CKE dziurawa jak ser. Po egzaminie z polskiego, wyciekły odpowiedzi z matury z matematyki
Egzamin maturalny z matematyki to kolejna wpadka Centralnej Komisji Egzaminacyjnej. Wczoraj wyciekł arkusz z języka polskiego, dziś wcześniej znane były odpowiedzi z matematyki.
Odpowiedzi pojawiły się na Wykopie już po godzinie 7:00. Wpis wprawdzie został usunięty, ale zostały ślady.
Na Twitterze krąży też kartka z odpowiedziami. Według użytkowników serwisu, odpowiedzi się zgadzają. Co ciekawe, część, która potwierdziła zgodność przecieku, zdążyła już skasować swoje wpisy.
Tematy maturalne wyciekły też przed egzaminem z języka polskiego
Trendy Google pokazały, że już w poniedziałkowy poranek po godzinie 7:00 odnotowano na Podlasiu nagły wzrost wyszukiwań fraz „ambicja”, „ambicja lalka” i „lalka ambicja”. Rzecz jasna „Lalka” była jednym z możliwych wyborów na rozprawce.
Marcin Smolik, szef CKE, zapowiedział zgłoszenie sprawy na policję. Mimo że CKE nie wyklucza wycieku, to gdyby został potwierdzony, egzamin powtórzony zostałby jedynie w szkole, do której doszło do przecieku, a nie w całym kraju.
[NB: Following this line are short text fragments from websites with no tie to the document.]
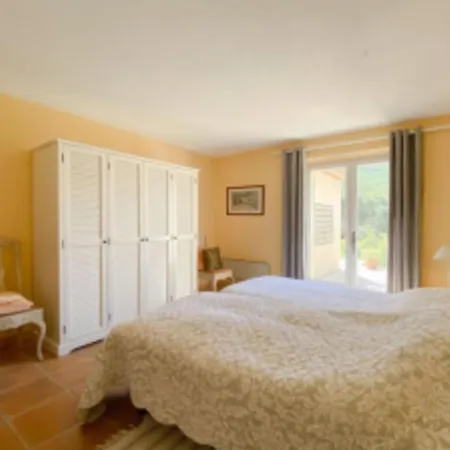 Villa For 10 Pool 5 Suites Grimaud بيت للعطل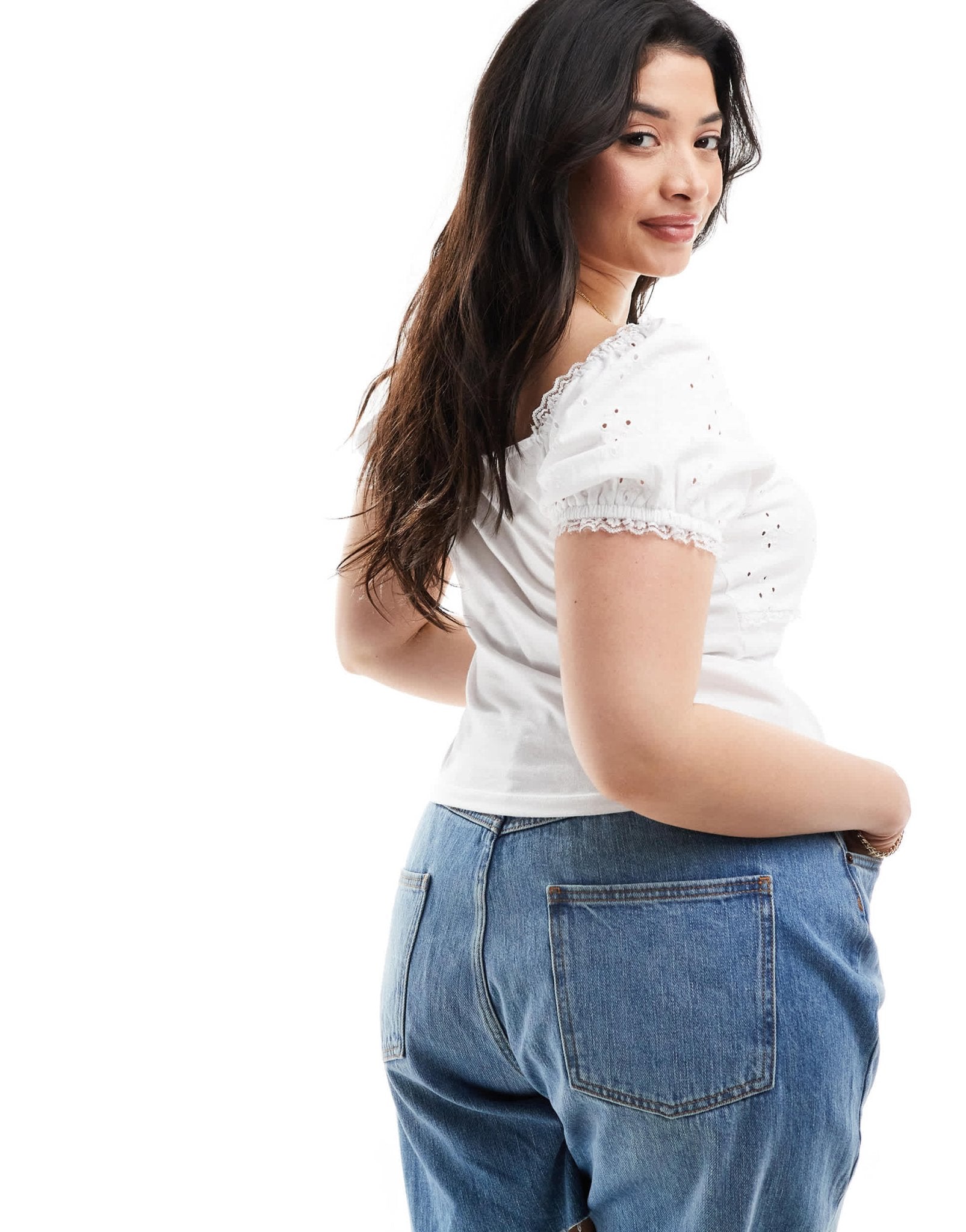 ASOS DESIGN Curve puff sleeve broderie milkmaid top in white - ASOS Sample Sale EU Store
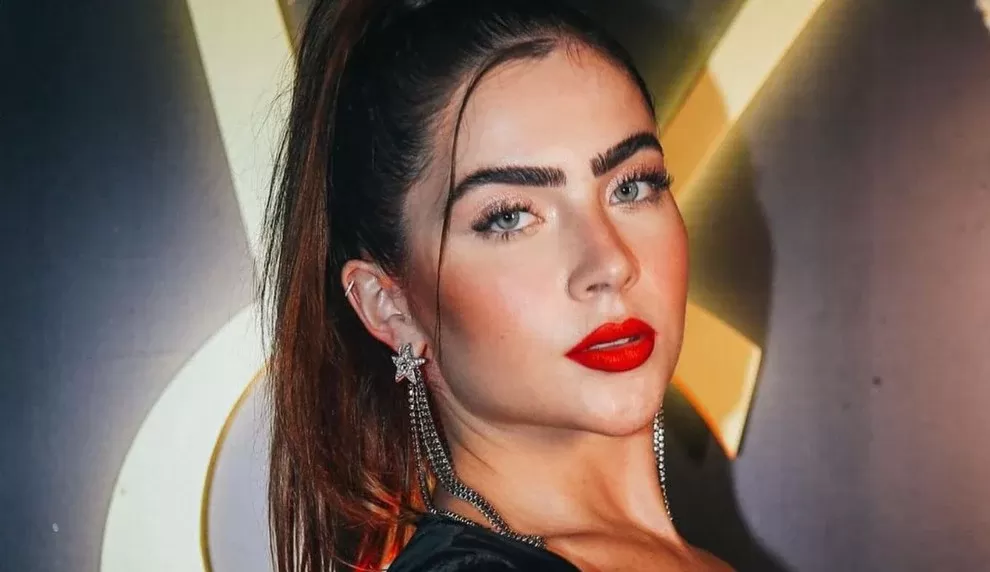 Jade Picon celebra papel em novela da Globo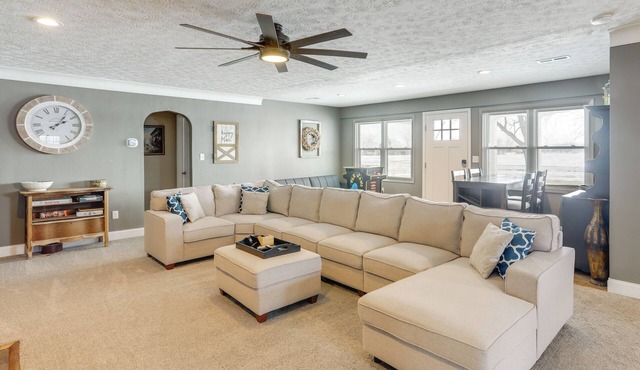 5 Mi to Lake: Port Clinton Home w/Gazebo & Grill!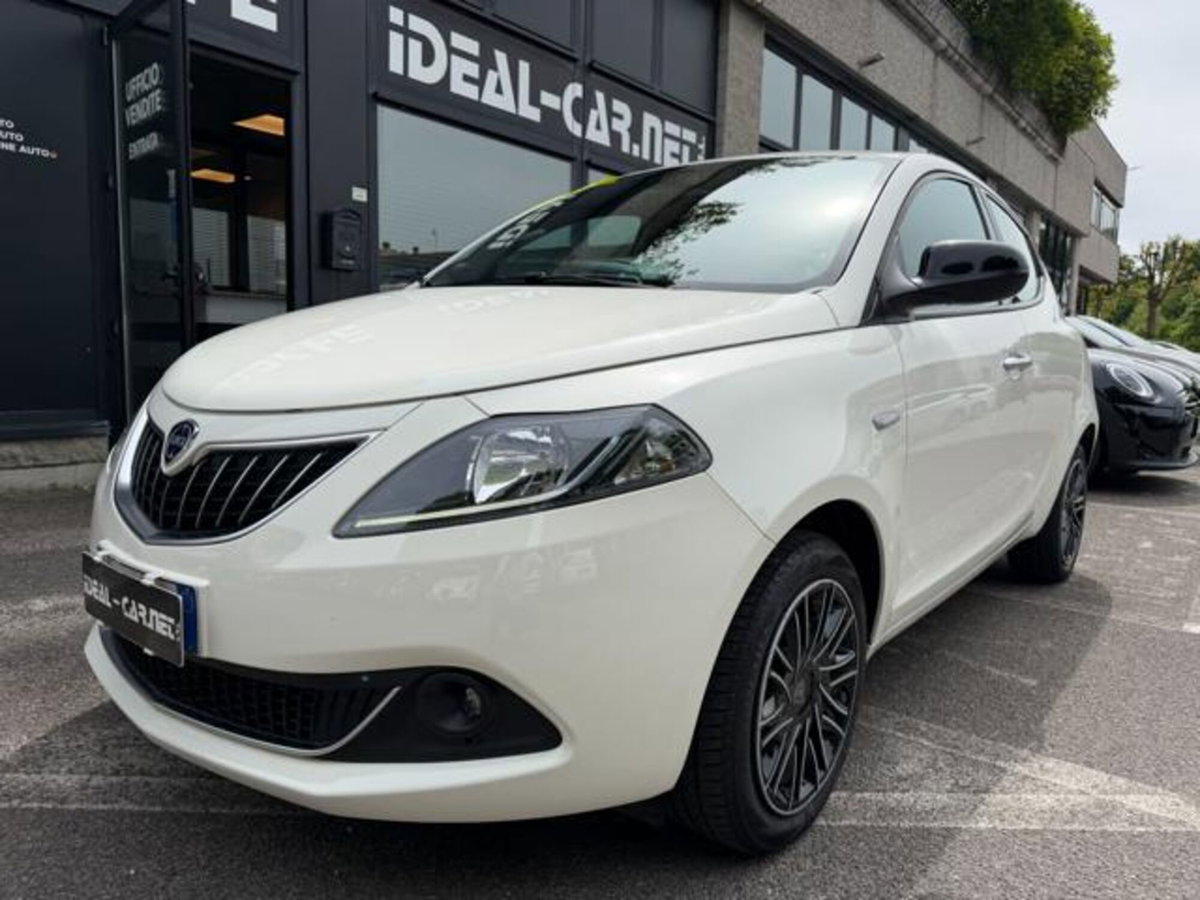 Lancia Ypsilon 1.0 FireFly 5 porte S&S Hybrid Gold Plus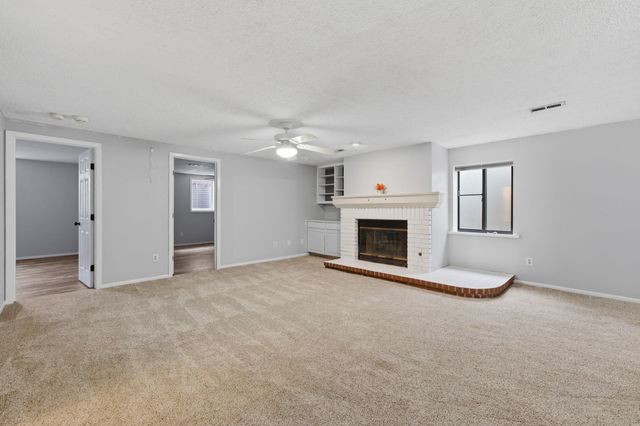 9221 W Douglas Ave, Wichita, KS 67209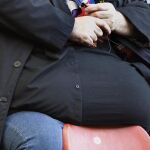 El IMC aumentó en 2.2kg/m2 en mujeres y 2.2 hg/m2 en hombres en todo el mundo emntre 1985 y 2017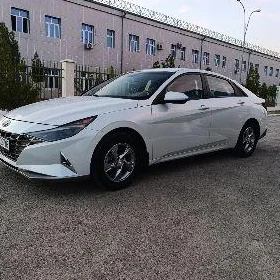 Hyundai Elantra 2022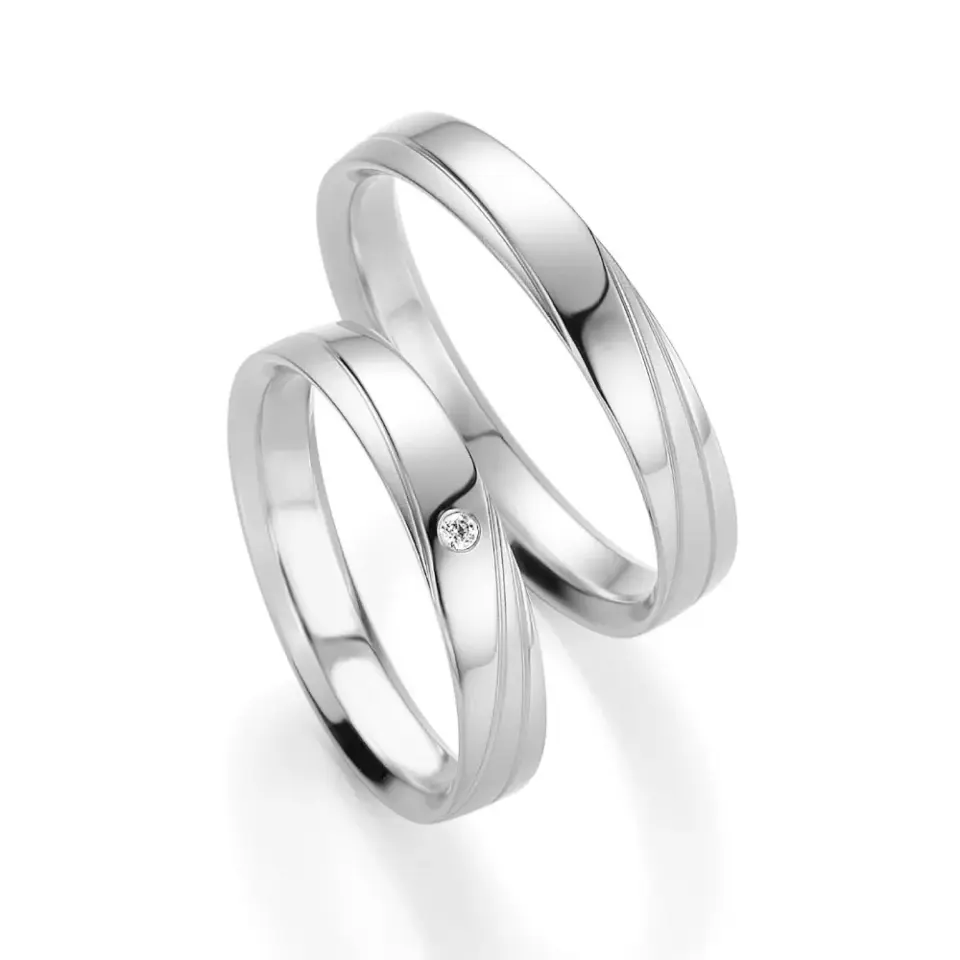 Alianzas de boda de platino con diamante
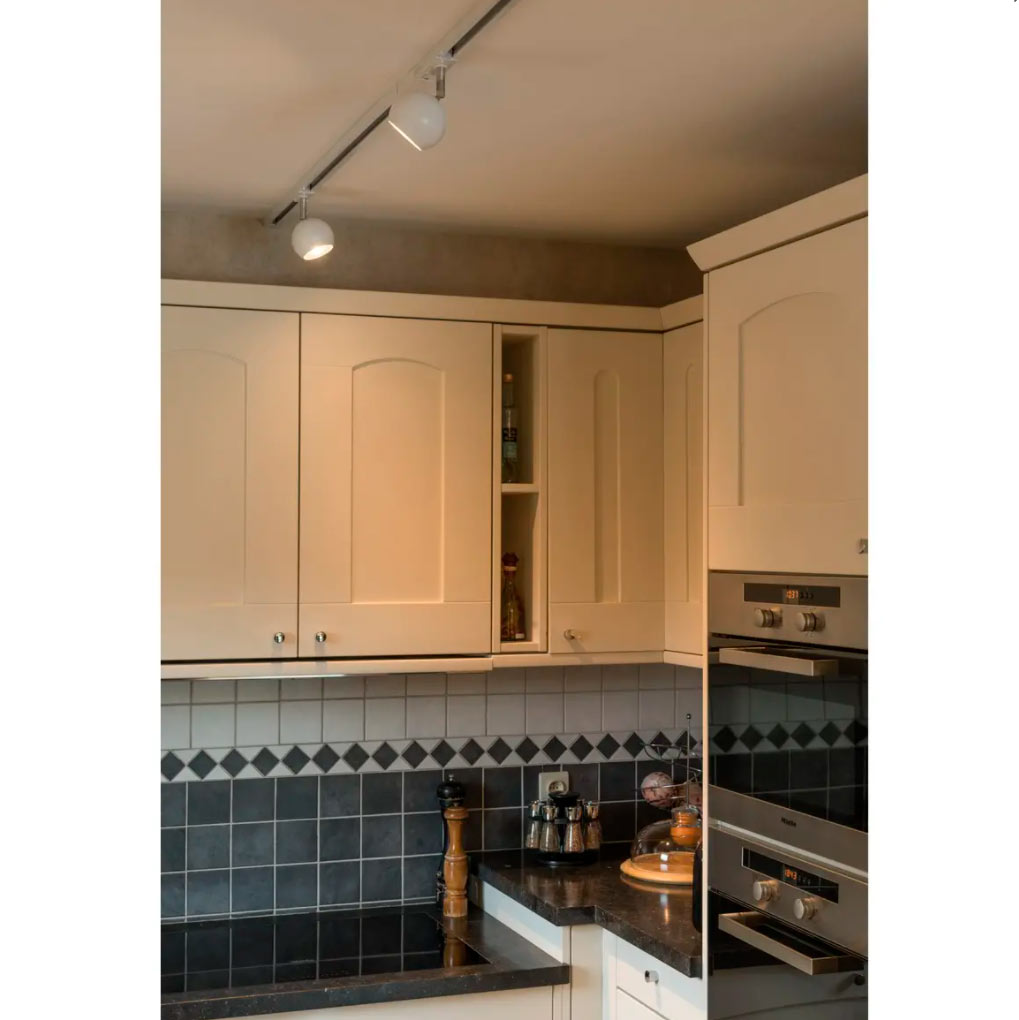 light-eye-1-vaihekiskovalaisin-pyöreä-valkoinen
W przypadku egzaminu z matematyki nie da się jednocześnie wskazać źródła wycieku. O ile Trendy Google wskazały wzrost zainteresowania tematami z „Lalki” na Podlasiu, tak w przypadku dzisiejszego egzaminu odpowiedzi krążyły po Wykopie i Twitterze.
Wyciek tematów maturalnych to najwyraźniej nowa tradycja. Podobnie było rok temu, a przeciek również udało się zaobserwować w Trendach Google. Tak, też chodziło o Podlasie - polską stolicę maturalnych wycieków.